N6 claims young life
SABELO Jayiya of Queenstown writes: We have become accustomed to turning our blessings into curses. The N6 road as we enter Komani is beautiful and is supposed to make us proud. It is something to boast about to the visitors and those who pass through our town.
This beauty has been turned into a curse by callous and reckless drivers, who drive as though they are participating in a grand prix. They neither care for other drivers nor the pedestrians. They rejoice at seeing pedestrians running for dear lives when crossing the road.

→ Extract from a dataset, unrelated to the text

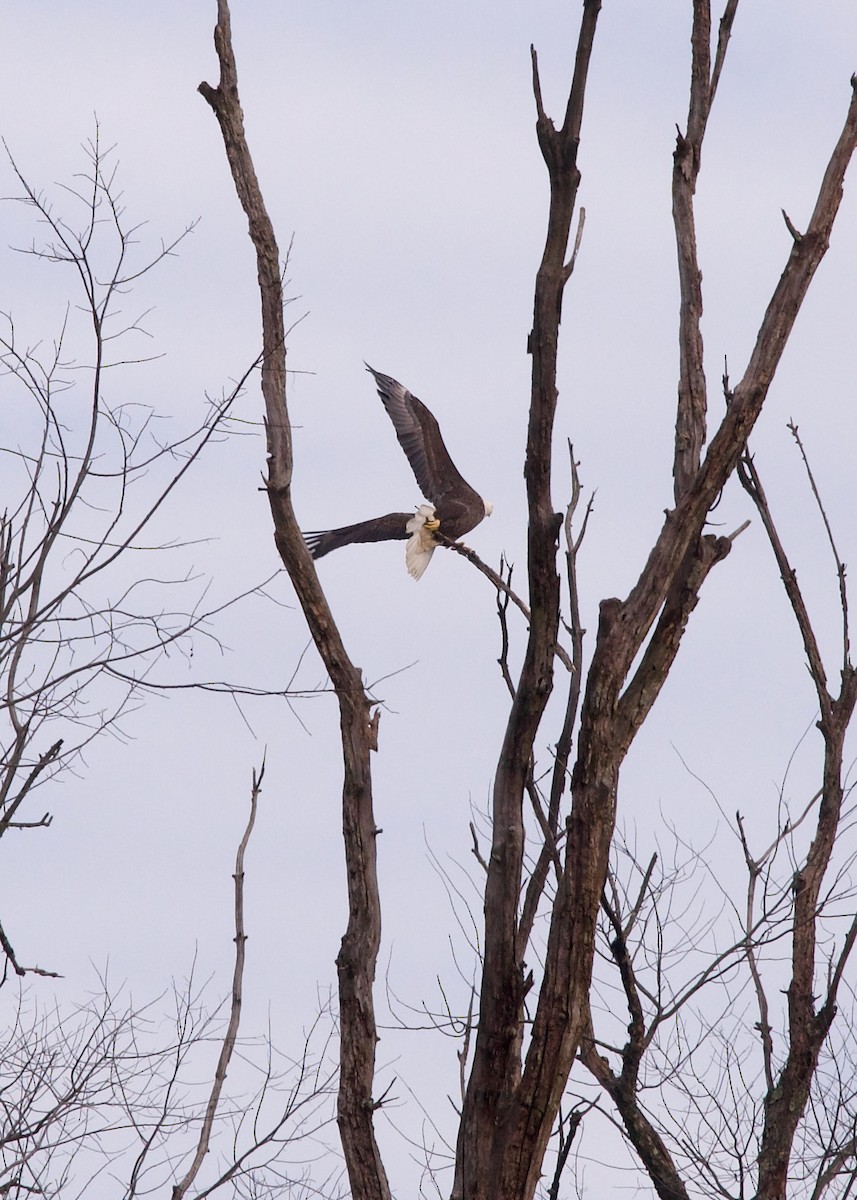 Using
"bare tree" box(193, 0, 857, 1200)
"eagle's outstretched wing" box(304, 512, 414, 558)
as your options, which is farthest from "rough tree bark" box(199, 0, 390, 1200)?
"eagle's outstretched wing" box(304, 512, 414, 558)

On May 22 at about 2.30pm, Mpho Bali, who was barely seven years old, was hit by a car in front of my eyes while crossing the road to the mall adjacent to the N6. This was a scene I pray nobody ever sees. I could not sleep for days, as the terrible scene kept playing in my mind. The sight of his siblings crying helplessly, as they saw their brother lying motionlessly in the road, kept sending a stream of tears down my cheeks. A young life lost, a future destroyed.
As we tried to calm the siblings, giving them hope that the paramedics would do their best to help their brother, an old man came shouting, “Hayi, ufile” (No, he is dead). Such callousness, such insensitivity! This is the same spot that, in November 2011, cost the life of Hlomla Madonono who was born in 1999. Coincidentally, both boys, who died at the same spot, were residents of Komani Park and were originally from Mtebhele village at Machibini.
For how long shall we take these incidents as “one of those things”? For how long shall we keep quiet and take these incidents as mere statistics? The municipality, working with Sanral, needs to ensure as a matter of urgency, that:
Cameras are installed to monitor speed and prosecute offenders;
traffic lights or traffic circles are erected at the Laurie Dashwood and Sandringham junctions;
Speed humps are erected between the two traffic circles and the existing traffic lights.
To those who continue to blame the victim, “Bafuna ntoni na bona aba bantwana ezindleleni”? Our children have a right to move around this town. Some do not have the luxury of being ferried in cars to the shops and have the right to buy wherever they prefer. No callousness and recklessness must confine people’s movements. I trust and pray that no more shall we hear of such deaths. Let us all value life, embrace blessings and not turn them into curses.